Automated classification of scientific publications using Large Language Models

Timeframe and Context
The project was carried out from November 2025 to January 2026 at the Institute for Applied AI and Robotics.
The goal was to support a systematic literature review on generative AI in robotics by automating the pre-screening of scientific publications. In total, 3,769 documents had to be reviewed, which otherwise would have required manual reading and assessment.
To reduce this workload, a Large Language Model was assigned two classification tasks in order to distinguish relevant from irrelevant publications and enable an efficient pre-selection.
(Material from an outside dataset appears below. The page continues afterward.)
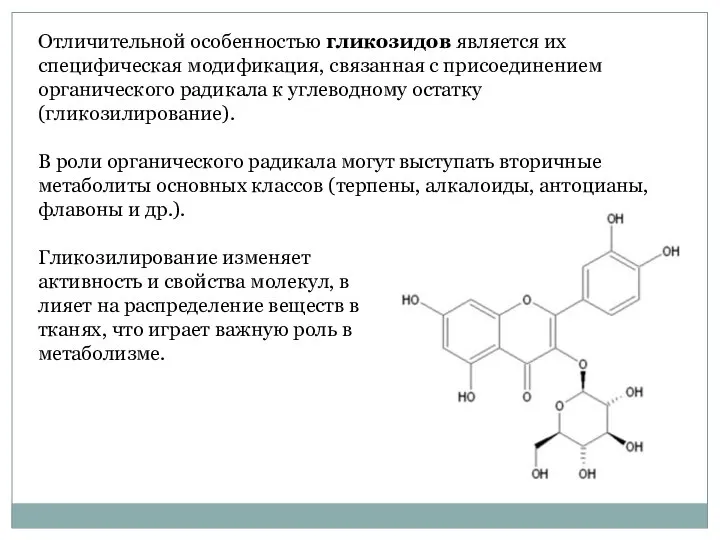 Отличительной особенностью гликозидов является их специфическая модификация, связанная с присоединением органического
As the sole developer, I bore full responsibility for the project, from conceptual design to the development and evaluation of the classification solution.
Implementation and Tech Stack
The implementation involved developing a classification pipeline in Python using LangChain. This pipeline enabled the two classification tasks to be applied efficiently to the scientific publications.
A locally hosted Large Language Model was used as the foundation and integrated via Ollama, enabling privacy-friendly data processing. To ensure classification quality, the prompts were systematically evaluated using accuracy, precision, and recall, and iteratively improved.
Challenges and Results
Ensuring high classification quality was a key challenge, particularly with regard to balancing precision and recall. To achieve reliable results, the prompts were iteratively optimized and systematically evaluated.
The defined thresholds for both classification tasks were successfully exceeded (precision > 0.9, recall > 0.95, accuracy > 0.95). As a result, the number of publications requiring manual review was significantly reduced. Of the original 3,769 publications, more than half were automatically filtered out, leaving 1,656 documents for manual screening.